# Problems with Olivewood!?



## Davefarr (Mar 12, 2009)

I'm a newcomer and would welcome some advice on finishing Olivewood. So far, for most of my pens I've been using Danish oil followed by a high concentration Shellac friction polish. This gives me the finish I want on most woods except Olivewood. It looks fantastic to start with but then after a few days the finish goes dull and dark grey stains appear. I tried linseed oil + CA for the first time last night on Tasmanian figured Blackbean with great results but what finish can I use on Olivewood which is heavily beaded (e.g. on key rings) which will solve my problem.

Any advice or help appreciated.

Dave.


----------



## tim self (Mar 12, 2009)

The ONLY thing I use is CA or CA/BLO.  On olive wood (or cocobolo) I do spray with accelerator before application to remove oil.  Couple of coats of thin CA only to seal and then CA/BLO.  I know this may be a little difficult on beaded work but it can be done with thin application so as not to build up in the groves.  Just my way, I've been wrong before.........LOML says it was just the other day.


----------



## leehljp (Mar 12, 2009)

Try wiping with Acetone to clean the oil off and then try your finishes. Being heavily beaded, I would try lacquer or many coats of thinned poly after using a sanding sealer.

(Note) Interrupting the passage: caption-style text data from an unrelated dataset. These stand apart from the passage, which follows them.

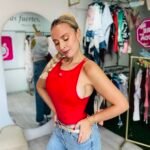 Body rojo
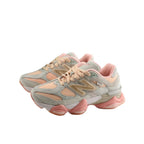 New Balance 9060 Grey / Pink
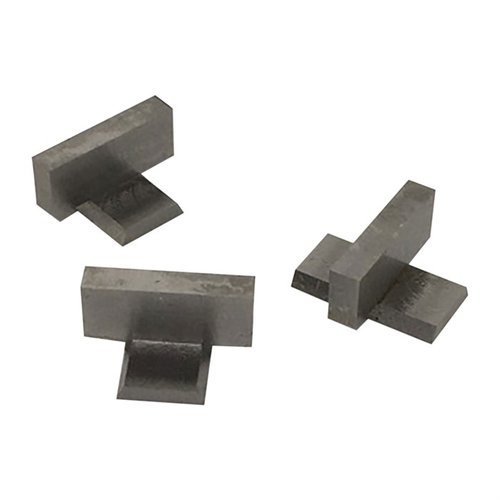 El Wide Dovetail Front Sight Blank de Harrison Design es ideal para personalizar tu 1911, con base de dovetail de .625" y dimensiones precisas para un ajuste perfecto.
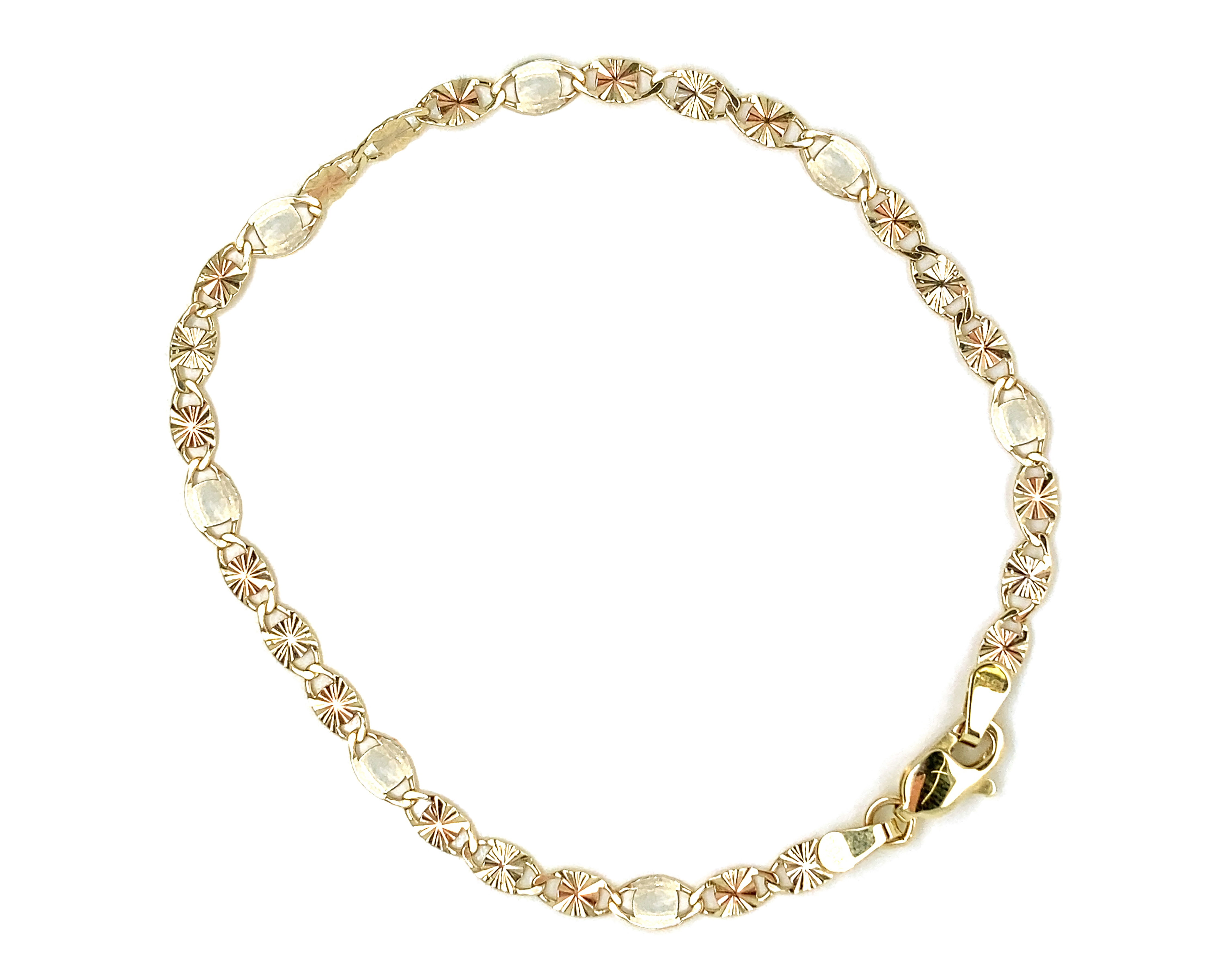 Foto 1 | Foto 1 | Pulsera de Oro 10k Vieri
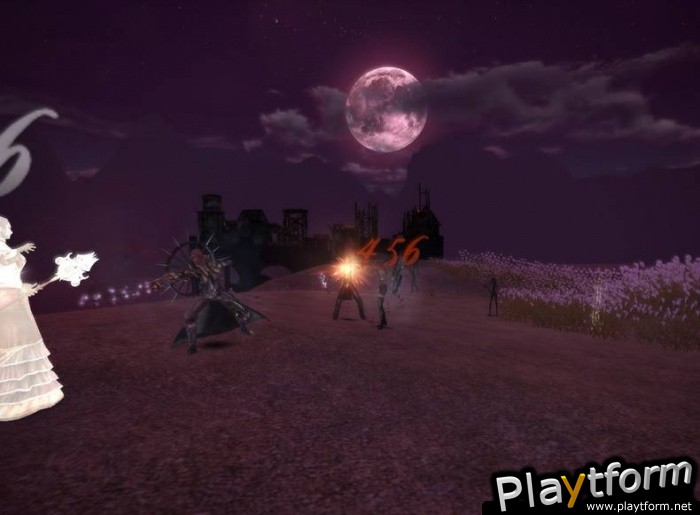 Sword of the New World: Granado Espada (PC)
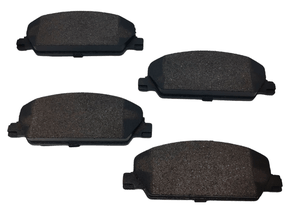 Jogo De Pastilhas De Freio Fastback E Pulse 22> Jurid Hqj- 2499 - Dianteira 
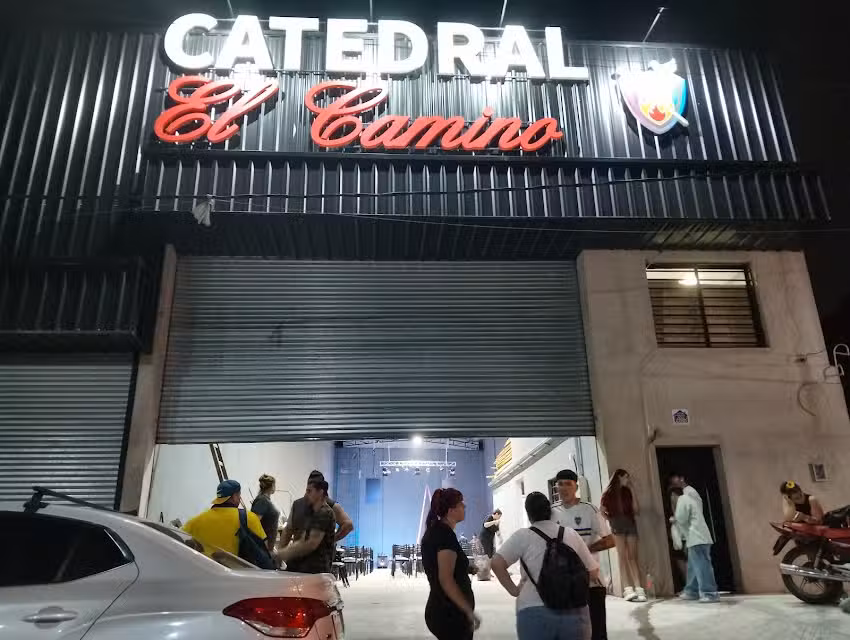 Iglesia Catedral El Camino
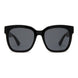 Gucci Black Acetate Sunglasses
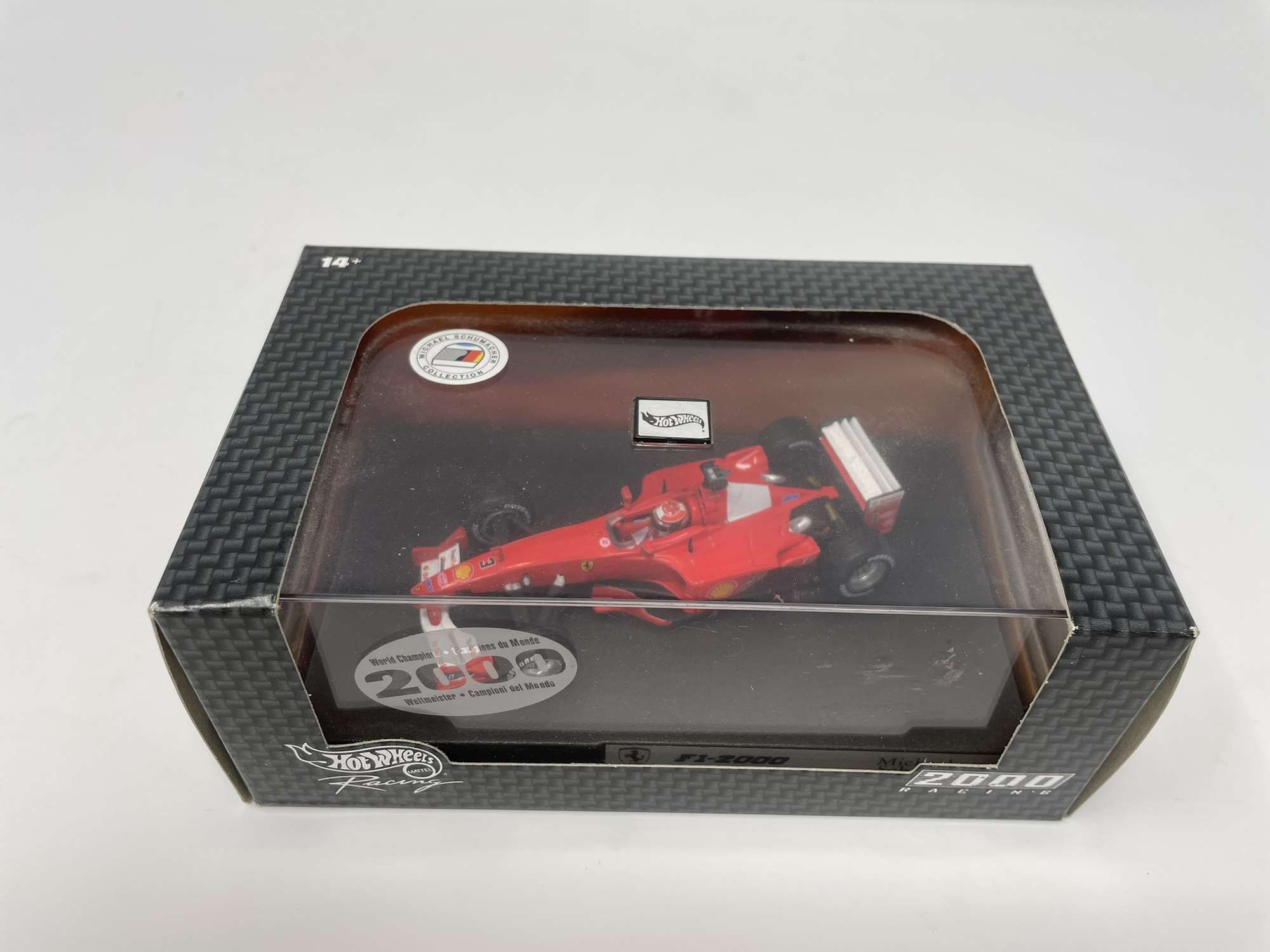 Selection of Model Ferraris-Sold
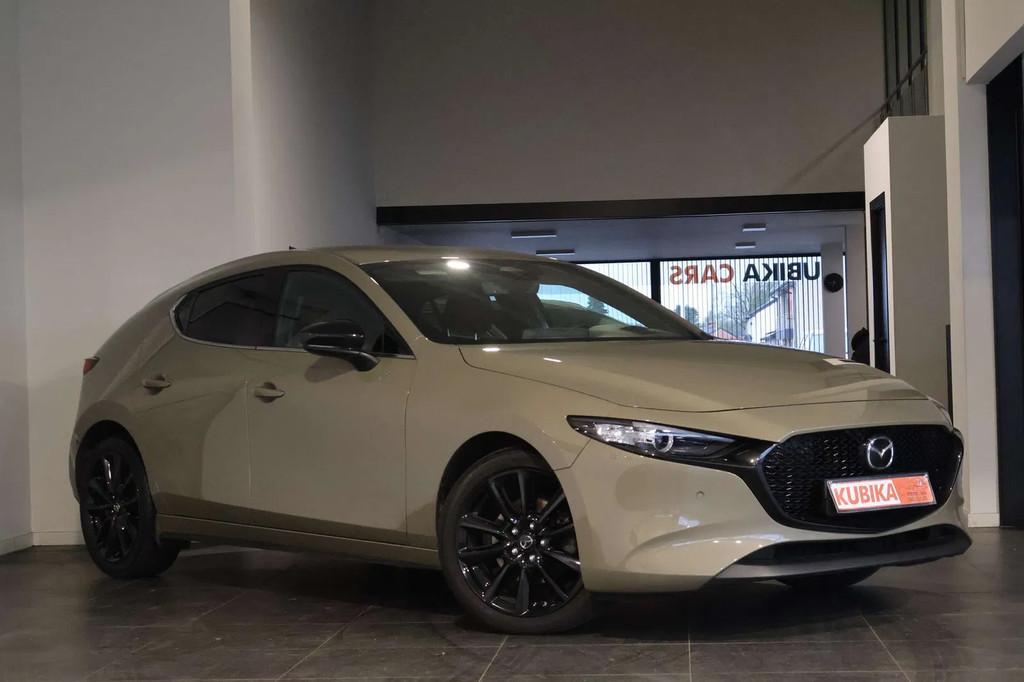 Mazda 3 3 Hatchback 2.0i e-Skyactiv-G Nagisa Garantie*, Achat, 140 g/km, Entreprise, 1907 kg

I am one to try different things for different problems, so these are just my ideas. I don't know how well this will work for you.


----------



## Skye (Mar 12, 2009)

Like Hank said, I'd wipe it with something to remove the surface oil first.

I'm not sure about long term finishes on BOW pens, I've done a few and the couple I kept have all had the finish fade on them. They didnt chip or anything, it was almost like the CA just naturally wore off it, but at an astonishing rate. I also noticed the wood continue to change colors under the CA.

With it being such an oily, smooth, healthy feeling wood, I'm tempted to start leaving them unfinished. It's not often you come across a wood that, when you touch it, you feel like you're touching something that's almost still living.


----------